なんとなくこんなことを話せばいいのかな?と考えていたことは有りましたが、実は前夜祭の日までスライドが1文字もできていませんでした。そんな中、前夜祭の懇親会で聞かれた「カンファレンスを開催する原動力は何ですか?」という問いかけが印象に残って、自宅に戻って深夜1時間ほどで仕上げた内容になります。たぶん、答えになっていたと思います。
大吉祥寺.pm 2025のキーノート、時間の関係でほぼLTくらいの分量なので、どこかで完全版を話したい気持ちもある
— magnoliak🍧 (@magnolia_k_) September 12, 2025
でもあれ以上自己開示するのか?という迷いも有る
完全版とは何か?という定義も分かりませんが、機会が有ればどこかで話したいと思います。
これからの吉祥寺.pm
クロージング資料からの抜粋を貼っておきます。
来年からしばらく改修工事により武蔵野公会堂は使えません。そのため、同じ会場、同じ規模で「大吉祥寺.pm 2026」が開催されることはありません。またレギュラー回(金曜日の夜開催)の吉祥寺.pmもしばらく別の場所で開催することになります。
そのため、当面は呼ばれた場所で開催する、「旅する吉祥寺.pm」をコンセプトに活動していきます。
会場提供スポンサーや、ダブルネームでの共同開催のご誘い、お待ちしております。
また、オンライン開催はこれまで同様に、定期的に続けていきます(半年に一度くらいのペースになります)。
実行委員長から見た大吉祥寺.pmというイベント
大吉祥寺.pmは去年も今年も不思議なイベントです。
おそらく先にタイムテーブルだけ見せて、「さて何のイベントでしょう?」と聞いても誰も答えられない...というか「なぜこのトークと、あのトークが一緒のイベントで話されているの?」という疑問しか出てこないです。
バラバラで統一感が無く、特定の技術スタック(言語とか、フレームワークとか)や、マネジメントなどをテーマとしたイベントとは全然違ったタイムテーブルになっています。
この「次に何の話が出てくるのか分からない感じ」が、去年と今年も実現できていました。
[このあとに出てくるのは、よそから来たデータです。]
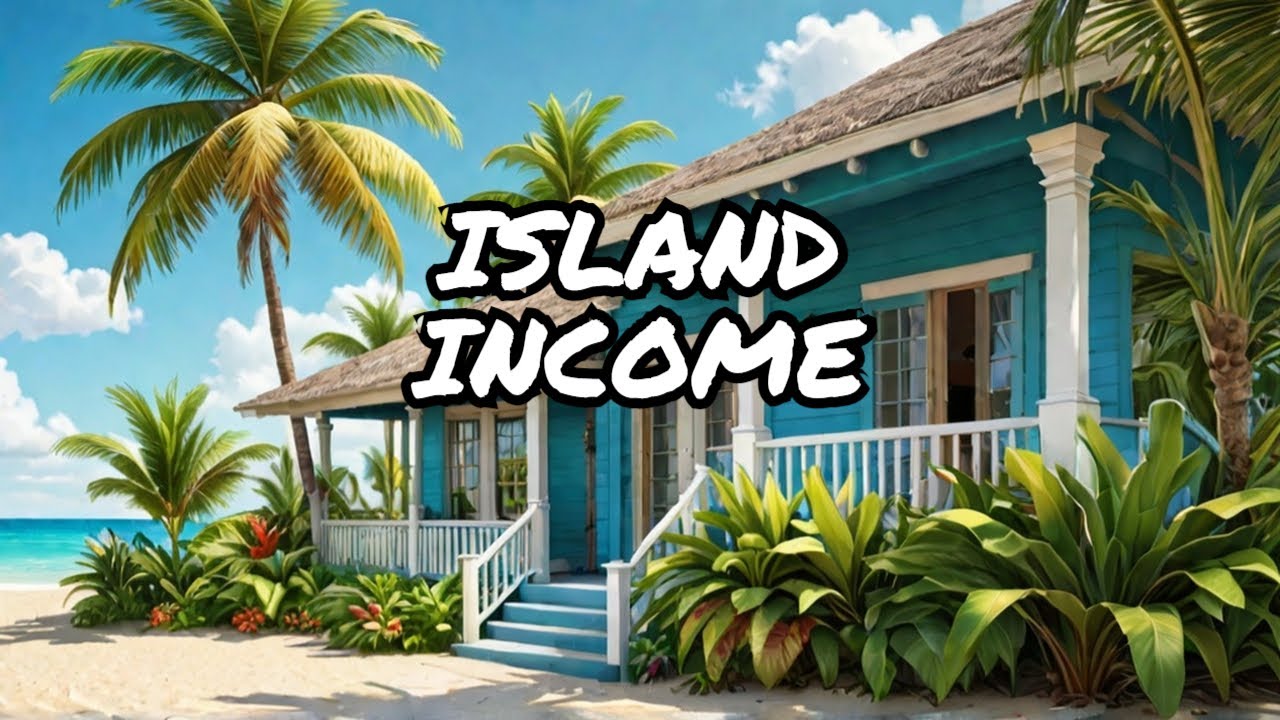 Caribbean Guest House Potential with Airbnb! 🏝️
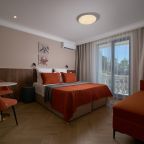 Апартаменты (Стандарт City Sea view 3 корпус  98), Апартаменты М2 group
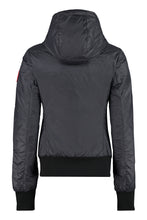 Load image into Gallery viewer, Dore techno fabric padded jacket
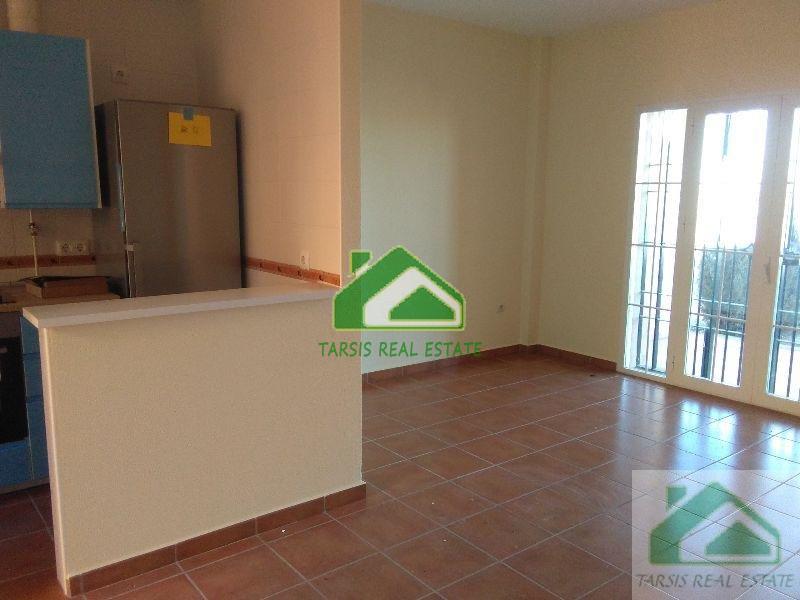 For sale of flat in Sanlúcar de Barrameda
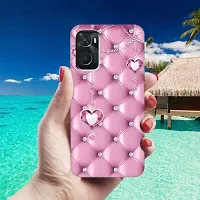 OPPO K10 Back Cover Designer Printed Soft Case-thumb3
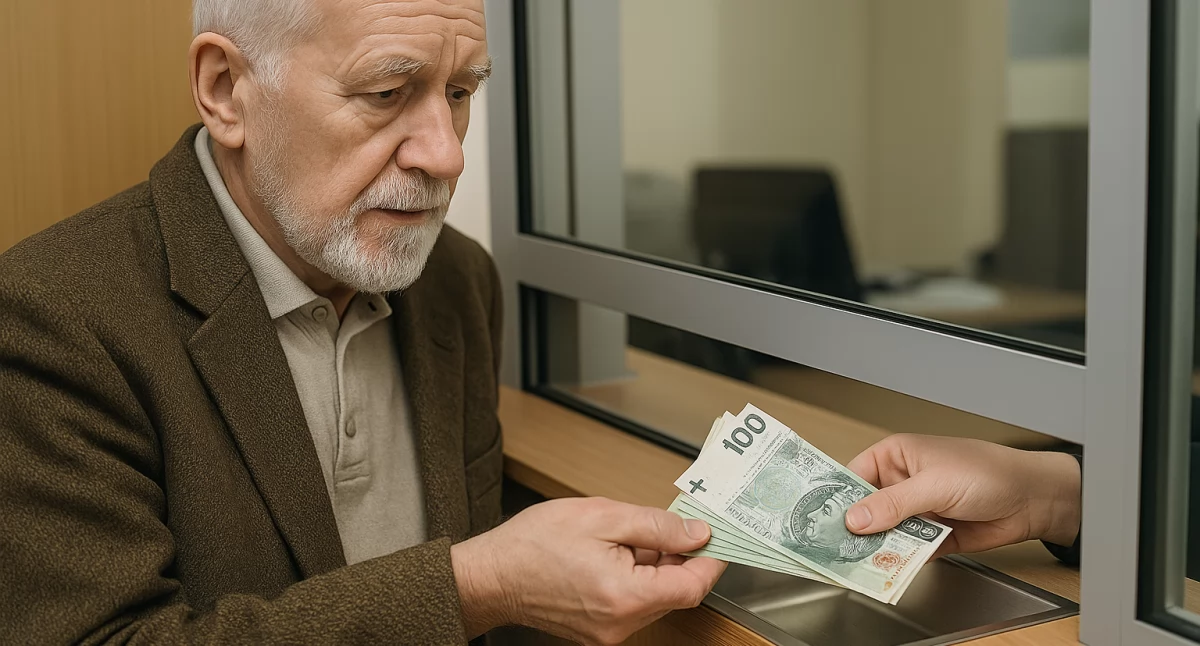 Od lipca emerytury w górę! Sprawdź, ile zyskają seniorzy z Mysłowic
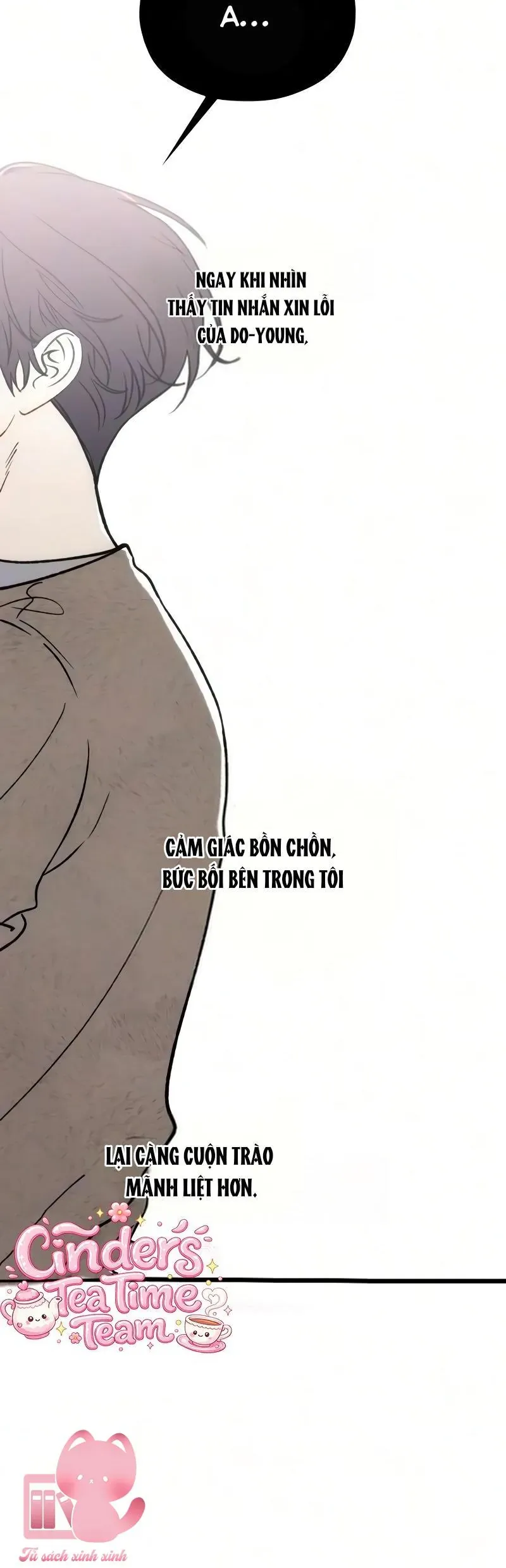 Khao Khát Bất Tận Chap 11 - Next Chap 10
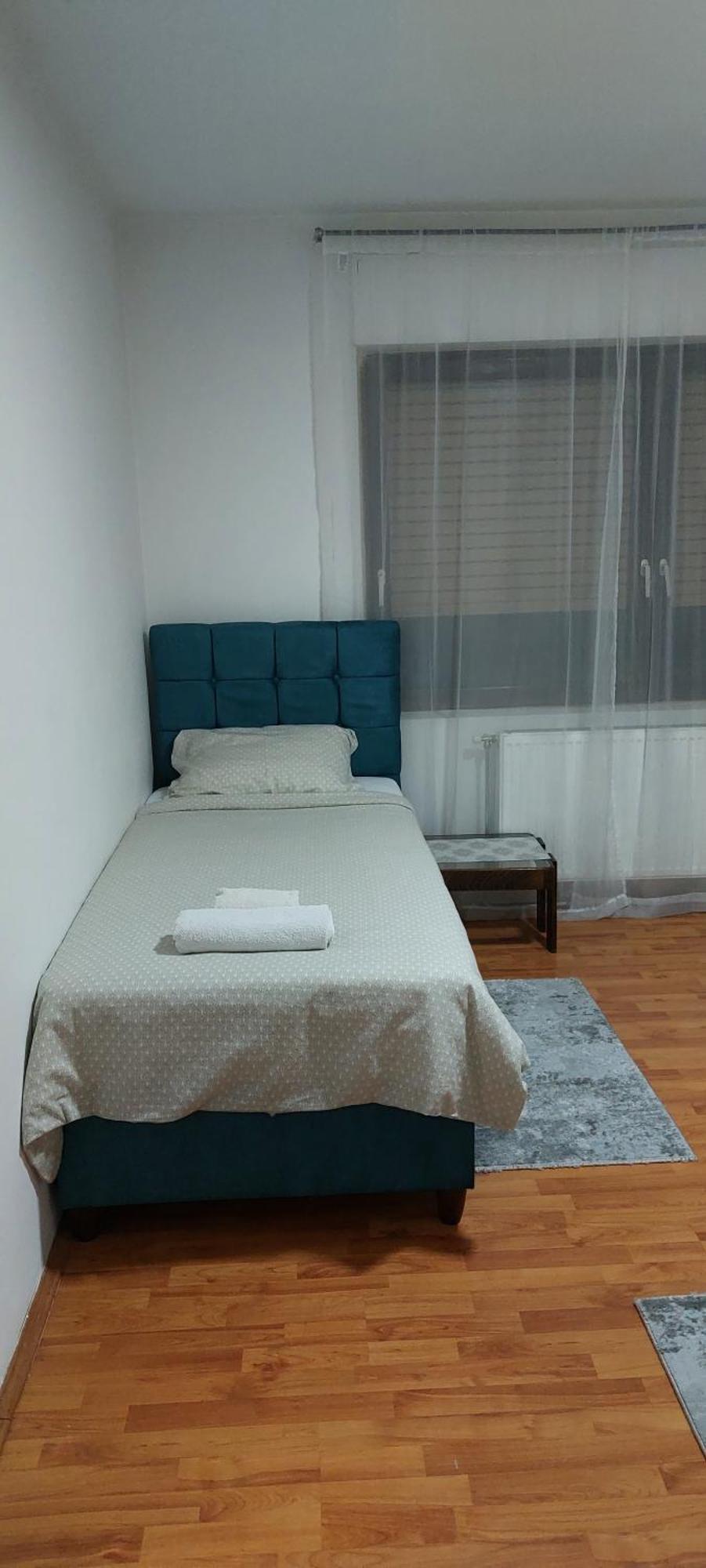 Apartman Aleksic Jagodina Ngoại thất bức ảnh
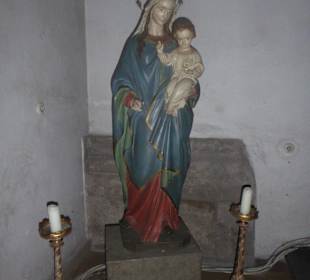 Kirche St. Maximilian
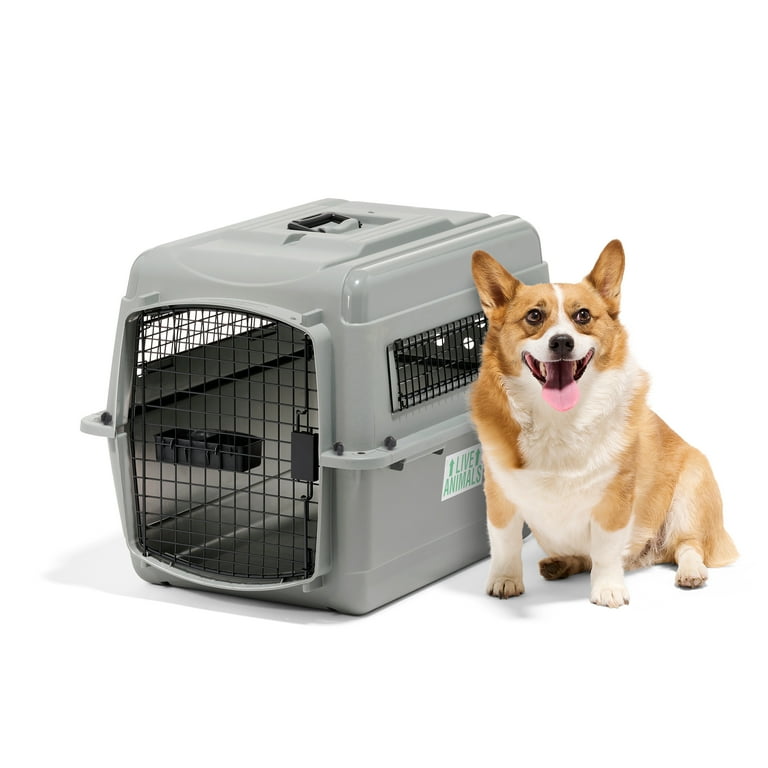 Petmate, Sky Kennel for Dogs & Cats, 21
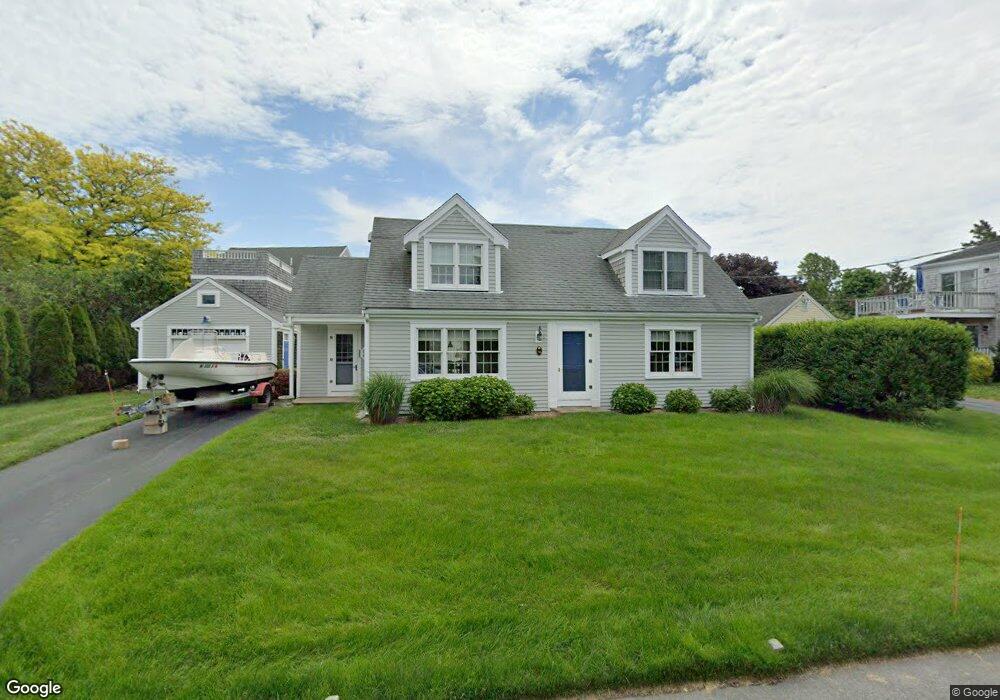 76 2nd Way, Barnstable, MA 02630 - photo 1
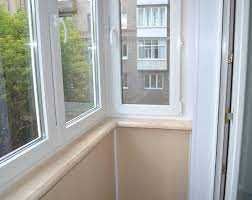 Балкони під ключ: скління, утеплення, розширення, дах! Доставка Монтаж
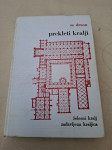 Prodam knjigo PREKLETI KRALJI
会場でホールに座られている方の数、一日を通してほぼ変わらなかった(みんなずっと聞いていた)ことからも、そこに皆さんの期待値が有るんだろうな、と見ていました。
当日だけでは上手く消化しきれないほどの情報量でしたが、「よく分からないけど、一日喋っている人も、聞いている人も楽しそうだった」と思えてもらえれば大成功です。
どんなトークも温かく受け入れて、面白がってくれる、そんなイベントでありたいと思っています。
おわりに
大吉祥寺.pm 2025は、スポンサー各社・各団体の皆様、プロポーザルを出してくれた方、登壇してくれた方、スタッフ、参加者、さまざまな方々の応援、熱意によって実現したイベントです。
本当に感謝しか有りません。
どうなるかは分かりませんが、次回の(超・大・中・小)吉祥寺.pmをお楽しみに!とだけ言っておきます。
追記:結果レポートなのに、参加人数を書いてませんでした...
一般参加者255名(本編)、スタッフ26名、登壇者22名(前夜祭、スポンサーセッション含む)と非常にたくさんの方にご参加頂き、最後まで無事にイベントを終えることができました
と、追記しておきます。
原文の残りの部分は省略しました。